As discussed, the key is the latent representation, i.e. the hidden layer of the MLP.
Let's have a look at it.

In [None]:
# the slightly complicated way to get access to the activations of intermediate layers
Hmodel = Model(inputs=MLP.get_layer('input_layer').input, 
               outputs=MLP.get_layer('hidden_layer').output)
h = Hmodel.predict(X)  # that is the latent 3D representation of our data
h.shape

here's how it looks:

In [None]:
plot_3d(h, y)

- the MLP **learned a representation** where all red datapoints are pushed into one corner of the cube.
- in this 3D representation, the two classes are **linearly separable**

## The latent representation during training
How does this latent representation change during training?
Here's a slightly hacky way to do a step-by-step gradient descend with keras recording the hidden layer (better use *callbacks*)

In [None]:
MLP = MLP_factory() 
MLP.compile(loss='categorical_crossentropy',
              optimizer=Adam(0.005), 
              metrics=['accuracy'])

h_vector = []
for epoch in range(40):
    # get latent rep
    Hmodel = Model(inputs=MLP.get_layer('input_layer').input, 
                   outputs=MLP.get_layer('hidden_layer').output)
    h = Hmodel.predict(X)  # that is the latent 3D representation of our data
    h_vector.append(h)
    
    # update with one gradient step
    MLP.fit(X,to_categorical(y), epochs=1)

# alternatively: step by step GD in tensorflow
but using keras to define the layers.

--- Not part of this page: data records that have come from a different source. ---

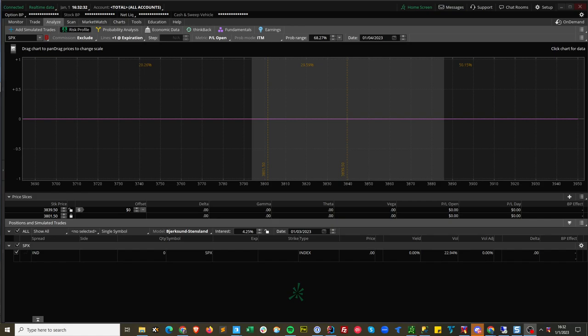Hi, I'm Tom Nanamaker with the Air Mirror Corporation. Today we're going to talk about the pattern day trader rule and how to avoid it if you're trading option spreads.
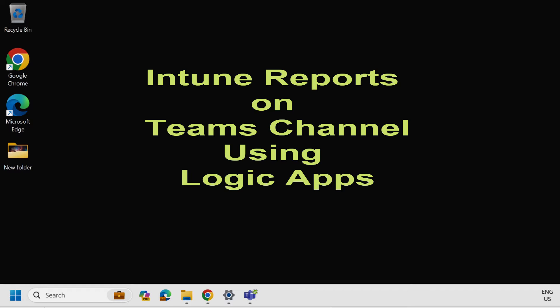In today's video we are taking a step further, and I will guide you through the process of using a logic app to publish the Intune report directly to a Microsoft Teams channel. We will be using the same Intune API from our previous video for this demonstration. Let's get started with the necessary steps.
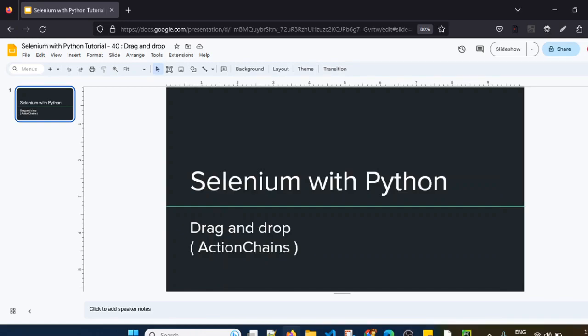Hello everyone, I hope you are having a great time. In today's session we will see how to drag and drop by using the Actions class.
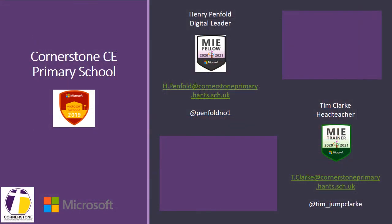This Microsoft Mini CPD was produced by the Digital Transformation Team at Cornerstone Church of England Primary School in Hampshire in the UK. If you'd like to find out more about how we're using a range of Microsoft tools, please contact either Henry Penfold our digital leader or myself Tim Clark our head teacher.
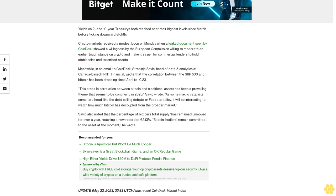Meanwhile, in an email to CoinDesk, Stranya Savick, head of data and analytics at Canada-based FR&T Financial, wrote that the correlation between the S&P 500 and Bitcoin has been dropping since April to minus 0.23. This break in correlation between Bitcoin and traditional assets has been a prevailing theme that seems to be continuing in 2023, Savick wrote.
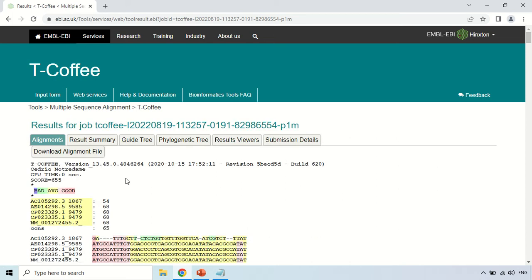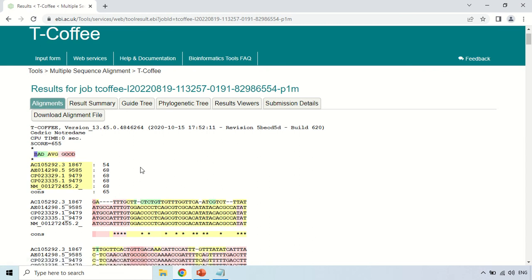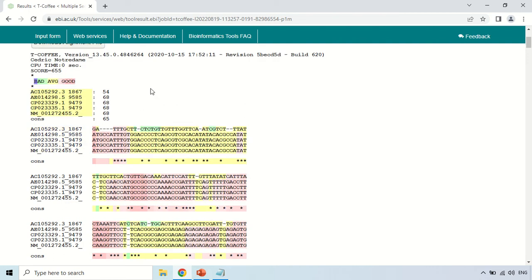Now the results are in front of us. These are some sections — the first is Alignment. Here is the T-Coffee tool name and version. In this section, there is color coding to help you understand the alignment. Where sequences are strongly aligned, they are represented in light pink; where they are not strongly aligned, they appear in light yellow; and where alignment is very poor, they are shown in light green or blue. I have taken 5 sequences, and these are their accession numbers.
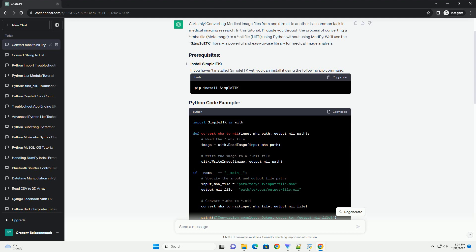Compile the C++ code using your preferred C++ compiler, providing the necessary ITK libraries during compilation. Remember to replace input_image.mha and output_image.nii with the actual input and output file paths.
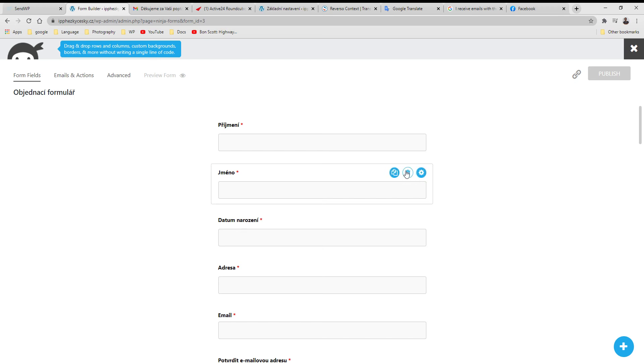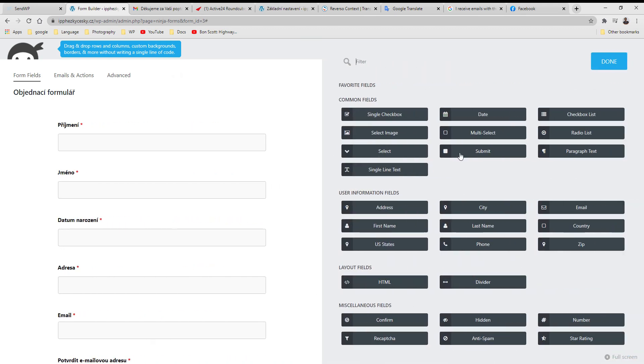On this one, to add a new field, click here and choose from the available ones.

In tf, one would have to first implement the layer operations...

In [None]:
import tensorflow as tf
sess = tf.Session()

from keras import backend as K
K.set_session(sess)

## model definitition
img = tf.placeholder(tf.float32, shape=(None, 2))
H = Dense(3, activation='sigmoid', name='hidden_layer')(img)
preds = Dense(2, activation='sigmoid', name='output_layer')(H)  # thats the predicted class scores
labels = tf.placeholder(tf.float32, shape=(None, 2))  # here , we feed in the true labels

from keras.objectives import categorical_crossentropy
loss = tf.reduce_mean(categorical_crossentropy(labels, preds))  # just comparing prediction and truth

# define a single step of gradient descend on the loss
train_step = tf.train.AdamOptimizer(0.1).minimize(loss)

In [None]:
# Initialize all variables
init_op = tf.global_variables_initializer()
sess.run(init_op)

# Run training loop
h_vector = []
with sess.as_default():
    for i in range(100):
        h_tmp = sess.run(H,feed_dict={img: X})
        h_vector.append(h_tmp)
        train_step.run(feed_dict={img: X,
                                  labels: to_categorical(y,2)})

# Animation
using holoviews to display the latent respresentation over time

In [None]:
import holoviews as hv
hv.extension('matplotlib')
scatter_dict = {i: hv.Scatter3D(h[y==0][:200])*hv.Scatter3D(h[y==1][:200]) for i,h in enumerate(h_vector[:200])} 
hmap = hv.HoloMap(scatter_dict, kdims=['Epoch'])
hmap

# Deep Neural Net

- just add more layer between input and output
- more nonlinearities

![DNN](images/MLP/DNN.png)

## GoogLenet
![DNN](images/MLP/googlenet.png)